[Input records]
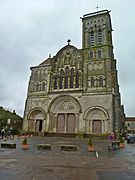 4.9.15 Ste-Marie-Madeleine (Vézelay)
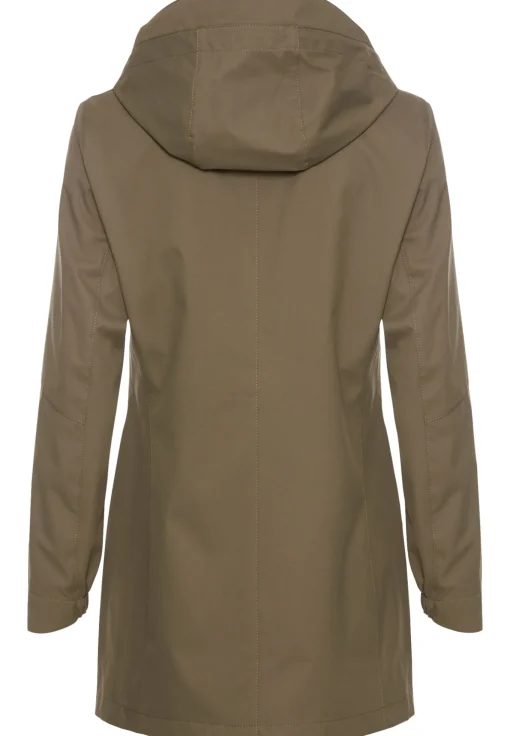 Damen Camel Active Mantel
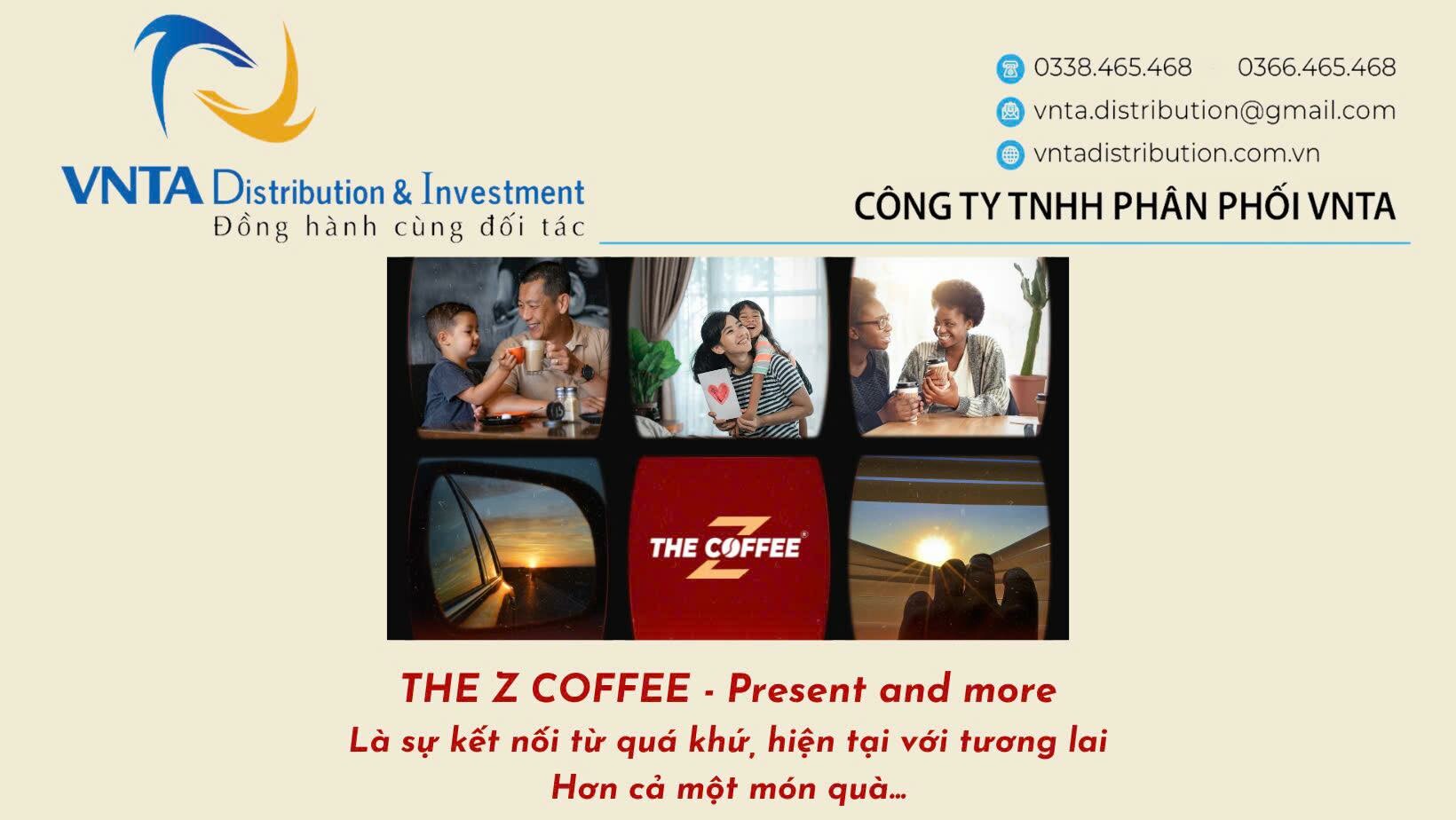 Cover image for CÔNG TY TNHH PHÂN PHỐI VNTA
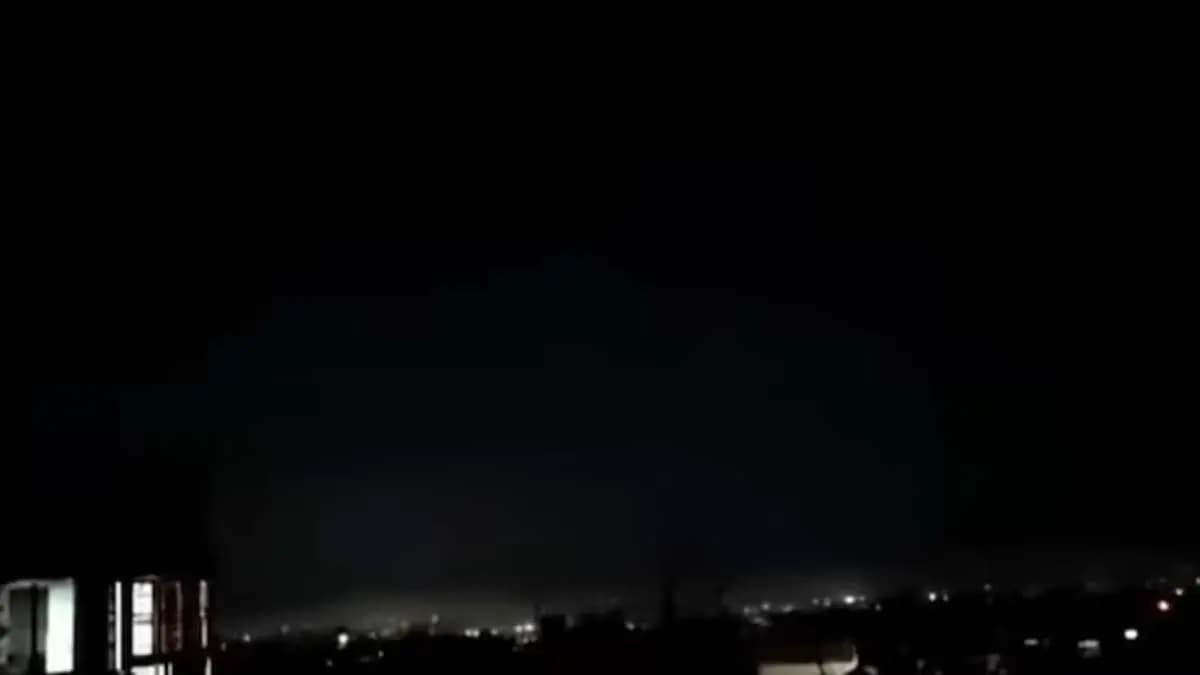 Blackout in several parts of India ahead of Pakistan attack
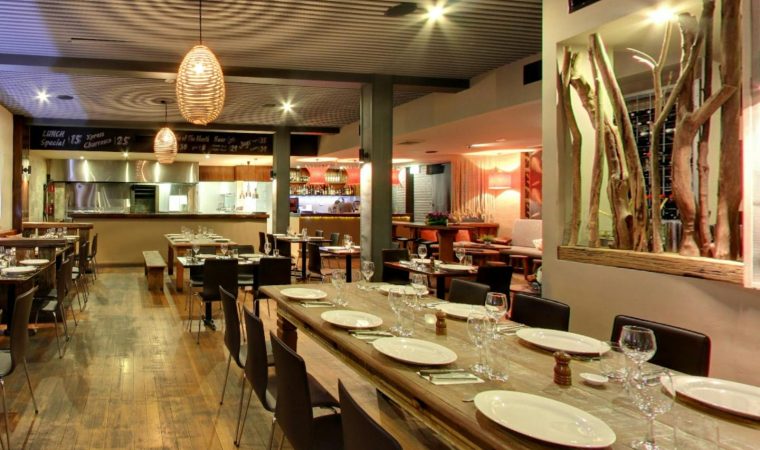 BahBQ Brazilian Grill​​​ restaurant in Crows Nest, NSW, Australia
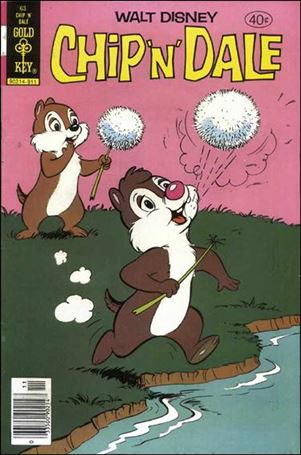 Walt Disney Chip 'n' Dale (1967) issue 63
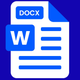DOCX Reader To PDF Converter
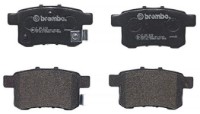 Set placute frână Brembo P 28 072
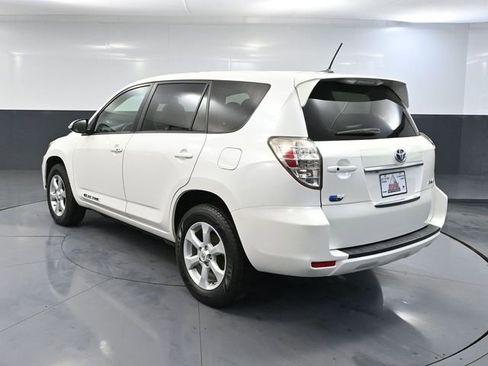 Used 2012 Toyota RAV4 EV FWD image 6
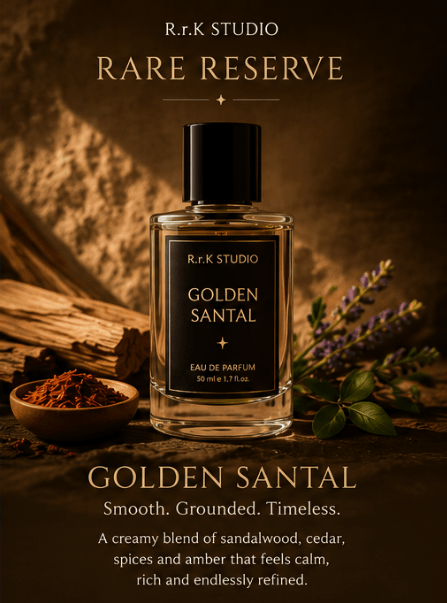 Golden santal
[/Input records]
→ **What is needed**
Copy out all the data above exactly as written. Skip the pictures.

→ **Result below**
 4.9.15 Ste-Marie-Madeleine (Vézelay)
 Damen Camel Active Mantel
 Cover image for CÔNG TY TNHH PHÂN PHỐI VNTA
 Blackout in several parts of India ahead of Pakistan attack
 BahBQ Brazilian Grill​​​ restaurant in Crows Nest, NSW, Australia
 Walt Disney Chip 'n' Dale (1967) issue 63
DOCX Reader To PDF Converter
 Set placute frână Brembo P 28 072
 Used 2012 Toyota RAV4 EV FWD image 6
 Golden santal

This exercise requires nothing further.